More information here.
(M. Del Freo)
The New Documents in Mycenaean Greek, 2 vols., ed. by J. T. Killen, Cambridge, CUP, 2024, pp. xxviii (vol. 1) + xxvi (vol. 2) + 1145.
In 1952 Michael Ventris deciphered the script found on the Linear B tablets from Crete and the Greek mainland, therefore revealing the earliest known form of Greek. In 1956 he and John Chadwick published Documents in Mycenaean Greek, which gave an account of the decipherment, of the language of the tablets, of the society and economy revealed by the documents and a series of chapters giving texts, translations and commentary of the most important tablets.
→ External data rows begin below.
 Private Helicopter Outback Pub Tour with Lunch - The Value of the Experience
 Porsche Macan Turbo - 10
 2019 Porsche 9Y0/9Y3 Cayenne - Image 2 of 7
Though partially updated in 1973, Documents is now very much outdated: there has been a vast accrual of bibliography on the subject since 1973, and discoveries of tablets at new sites. This new survey, written by fourteen of the world's leading experts, will bring the reader fully up-to-date with developments in all aspects of Mycenaean studies, concluding with a new, full glossary of all the most recently discovered words.
(M. Del Freo)
On Thursday February 22nd, starting at 10 a.m., the Seminar "Confini, terre di frontiera, limiti nel mondo antico e tardoantico" will be held within the PhD in Studi Storici. Storia e civiltà del mondo antico e del Vicino Oriente (Dipartimento di Storia, Archeologia, Geografia, Arte e Spettacolo. Storia, Archeologia, Geografia, Arte e Spettacolo. Dipartimento di Lettere e Filosofia) at the Sala Orbatello, via della Pergola 60 in Florence.
The Seminar is organized by G.A. Cecconi, A. Magnelli and G. Torri.
One State, Many Worlds: Crete in the Late Minoan II-IIIA2 Early Period, Proceedings of the International Conference held at Khania, Megalo Arsenali, 21st – 23rd November 2019 (SMEA NS Suppl. 2), ed. by A. L. D’Agata, L. Girella, E. Papadopoulou, D. G. Aquini, Roma, Edizioni Quasar, 2022, 452 pp. (ISBN: 978-88-5491-273-1).
This volume contains the proceedings of an international conference held at Khania, November 2019. Its aim is to resume the discussion on LM II-IIIA2 early Crete, one of the most crucial periods in the history of the island, which marked its inclusion in the political and cultural orbit of mainland Greece. The contributions, which are organized on a geographical basis, begin with Knossos and central Crete, include western and eastern Crete, and end with a few mainland case studies. Two contributions are of particular interest to epigraphists: one on the Linear B from Knossos (J. Driessen - O. Mouthuy) and one on the beginning of Linear B administration in mainland Greece (V. Petrakis).
(M.Del Freo)
The site AKU-PAL has been updated. The new features include many new signs, enriched bibliographic information, improved image quality and the addition of very granular filters for searching (epoch, dynasty, ruler and more).
(D.Salvoldi)
Two new sections have just been published in Mnamon: Meroitic and Nubian. The author is the specialist Daniele Salvoldi (American University of Cairo).
Also the sections for Etruscan, Faliscan and Lemnian were carefully reviewed and enriched by the specialists.